⟨

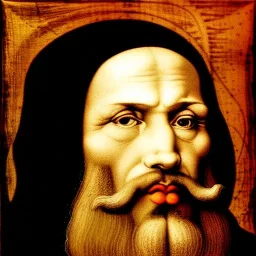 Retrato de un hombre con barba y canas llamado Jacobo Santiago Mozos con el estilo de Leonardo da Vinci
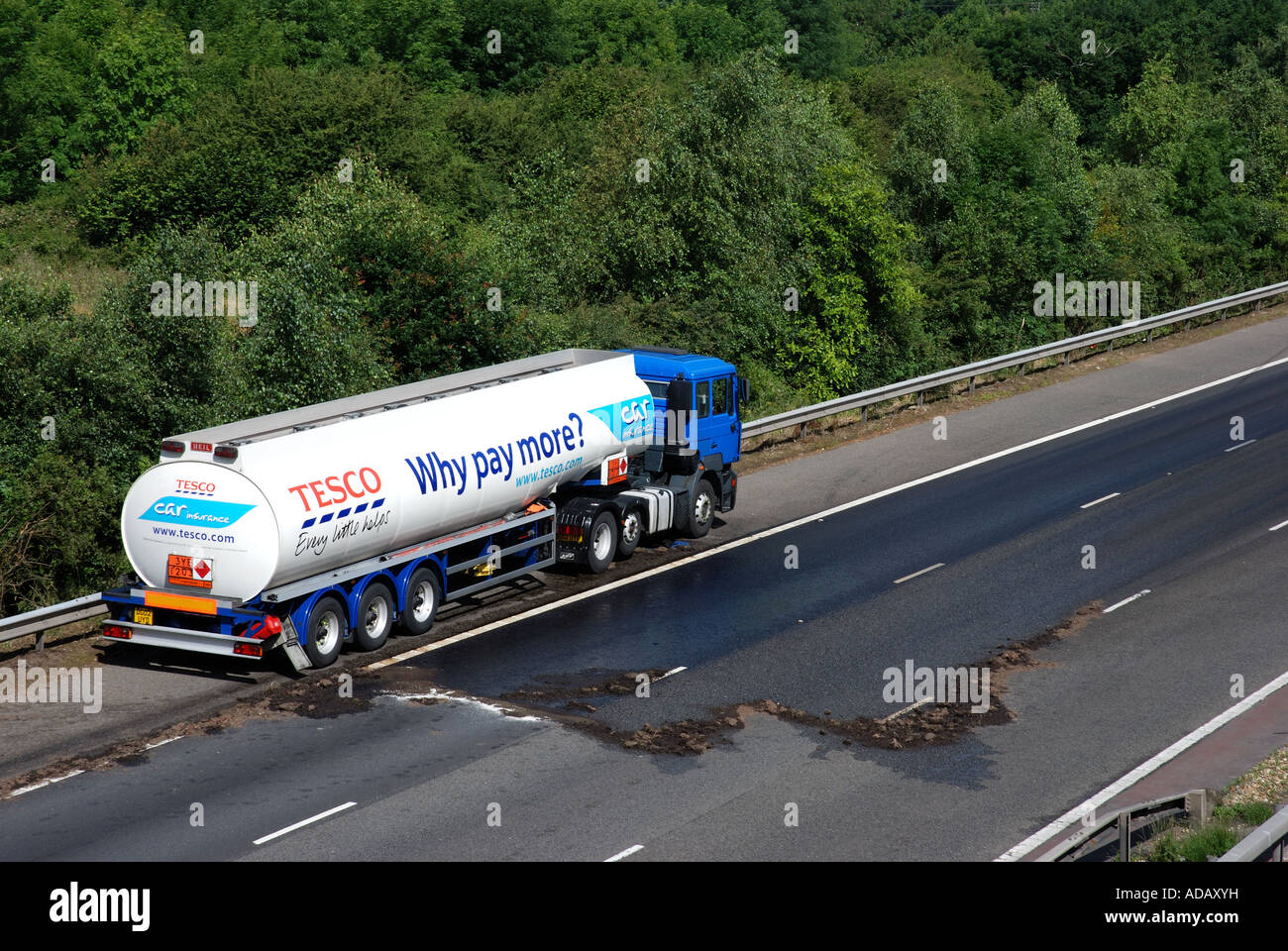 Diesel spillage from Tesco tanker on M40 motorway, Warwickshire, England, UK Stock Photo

⟩
⟨

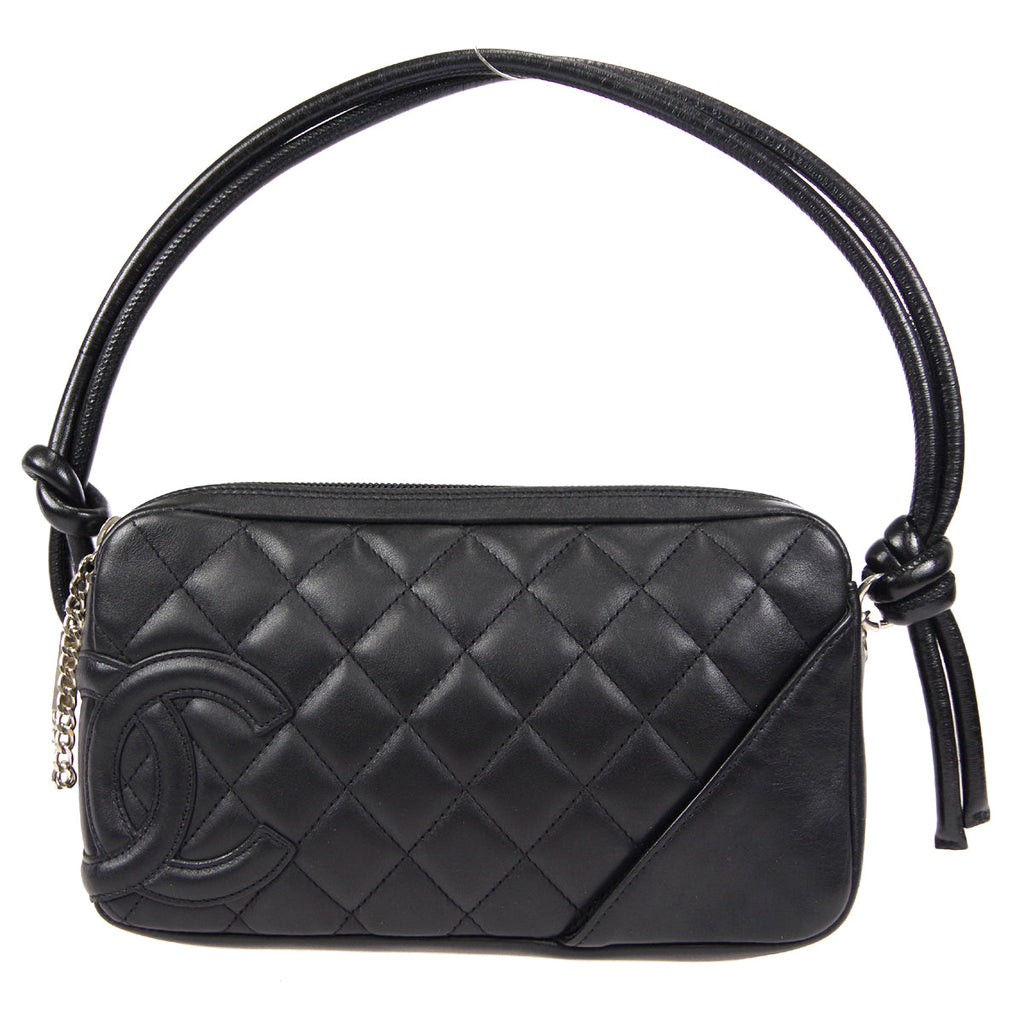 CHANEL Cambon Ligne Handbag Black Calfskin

⟩

__Exercise__:
Your answer must be the lines above from the one holding "Retrato de un" up to and including the one holding "Diesel spillage from", exact and with no pictures.

__Solution below__:
 Retrato de un hombre con barba y canas llamado Jacobo Santiago Mozos con el estilo de Leonardo da Vinci
 Diesel spillage from Tesco tanker on M40 motorway, Warwickshire, England, UK Stock Photo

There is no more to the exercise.